Keep the images out while you set down the data exactly.

** RECORDED INFORMATION follows **

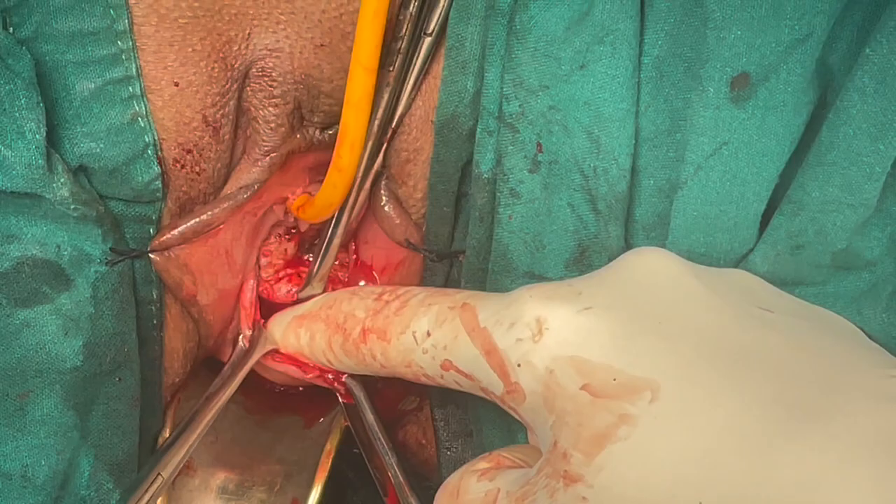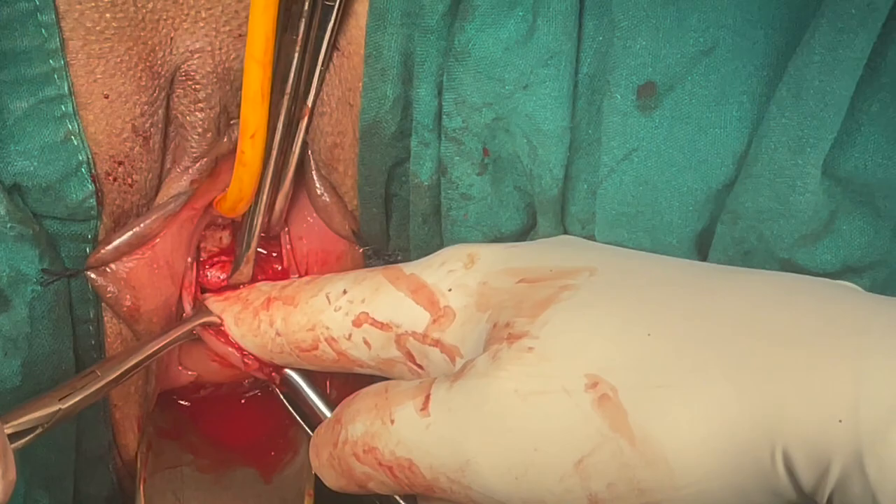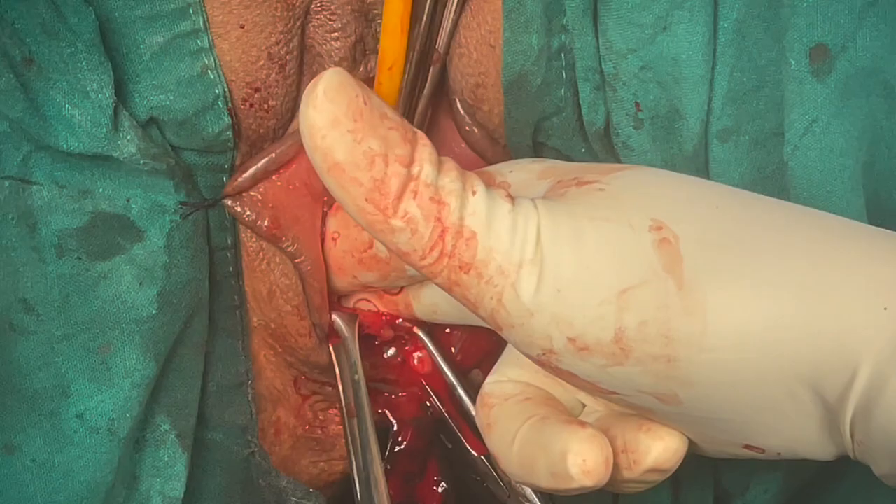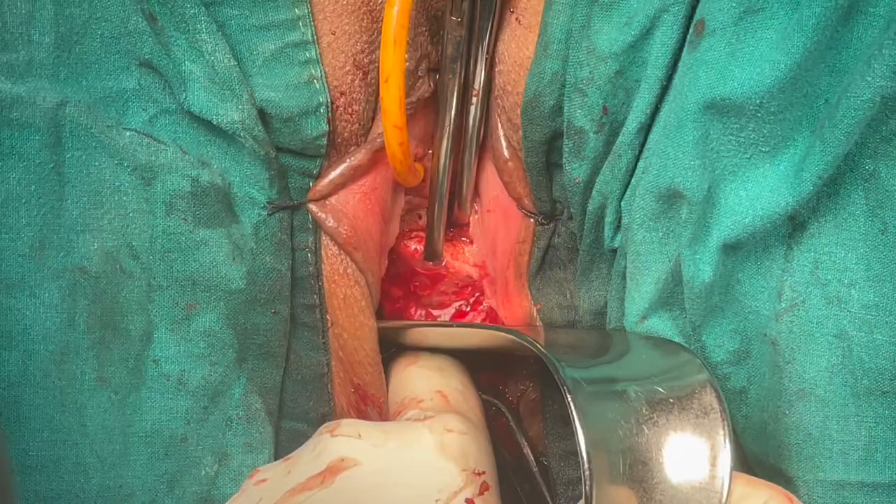For sacrospinous ligament fixation we start dissecting on the posterior aspect of the vaginal wall until we feel the ischial spine. Once we have felt it, start rolling your fingers from lateral to medial in order to create the space.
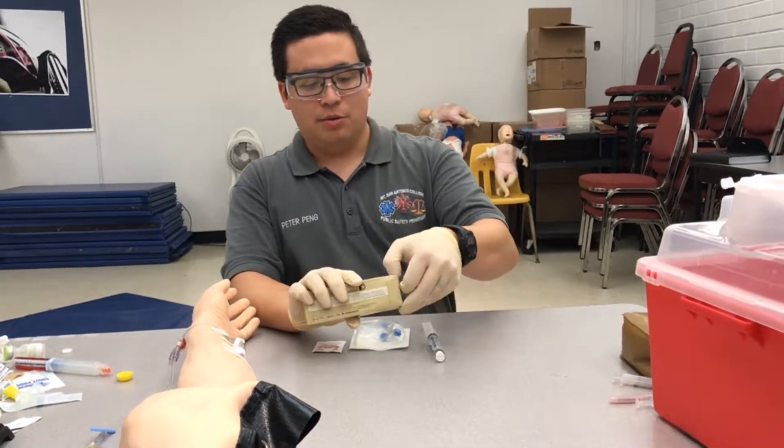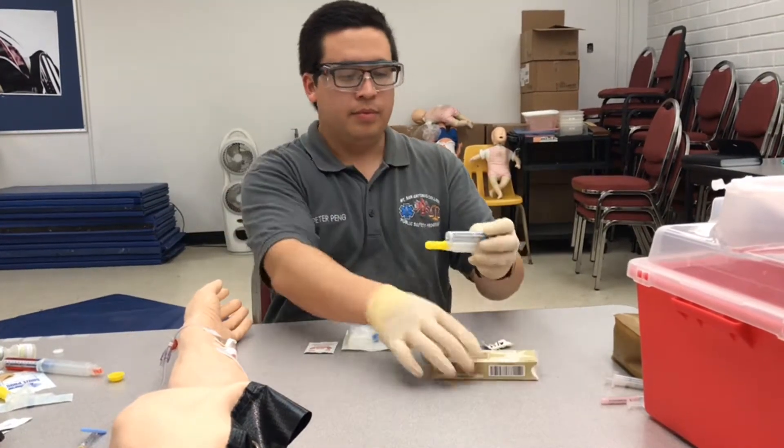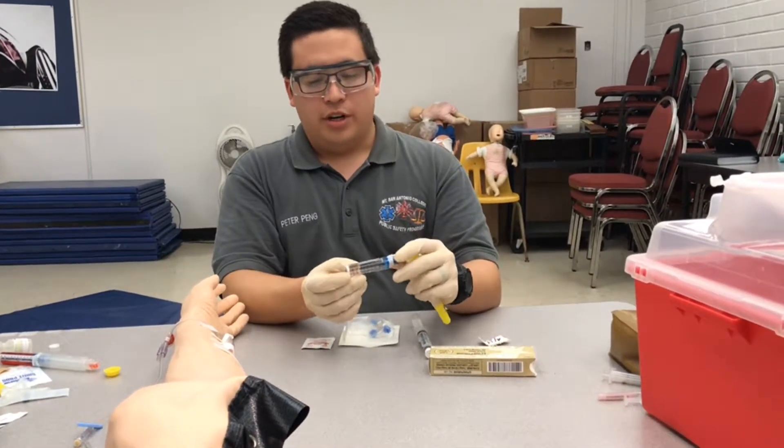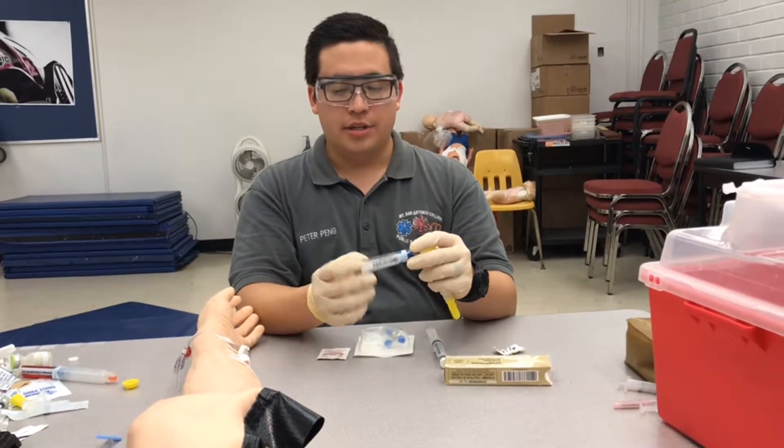I'm going to take it out of the box and DICE it one more time. So it's the correct drug, right concentration, integrity looks good, it's clear, and expiration is the same.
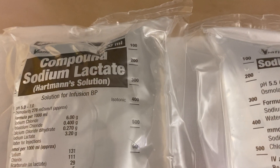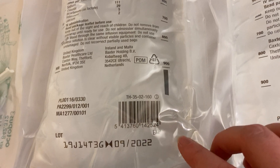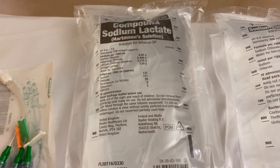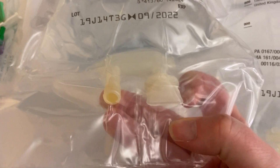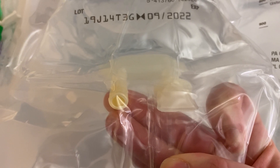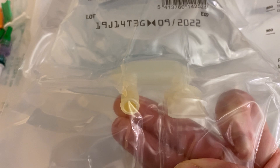The bag has a rough guide to how much fluid has drained along the side, and it tells you it's isotonic. Whenever you're hanging a bag of fluids, always check the expiry date — this expires September 2022, so this Hartmann's would be perfectly good to use. The two parts at the bottom: on the left you can put a syringe through — for example, when adding diphen to bags for analgesia in theatre, you draw it up in a syringe and inject it through this port into the bag.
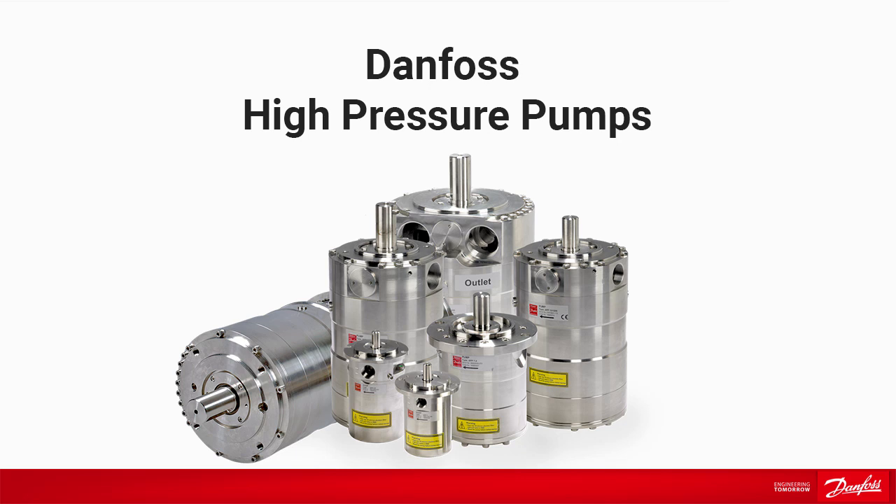In this video, we will show how our positive displacement pump, the APP pump, is working.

** End of RECORDED INFORMATION **

_ANSWER BOX_:
For sacrospinous ligament fixation we start dissecting on the posterior aspect of the vaginal wall until we feel the ischial spine. Once we have felt it, start rolling your fingers from lateral to medial in order to create the space.
I'm going to take it out of the box and DICE it one more time. So it's the correct drug, right concentration, integrity looks good, it's clear, and expiration is the same.
The bag has a rough guide to how much fluid has drained along the side, and it tells you it's isotonic. Whenever you're hanging a bag of fluids, always check the expiry date — this expires September 2022, so this Hartmann's would be perfectly good to use. The two parts at the bottom: on the left you can put a syringe through — for example, when adding diphen to bags for analgesia in theatre, you draw it up in a syringe and inject it through this port into the bag.
In this video, we will show how our positive displacement pump, the APP pump, is working.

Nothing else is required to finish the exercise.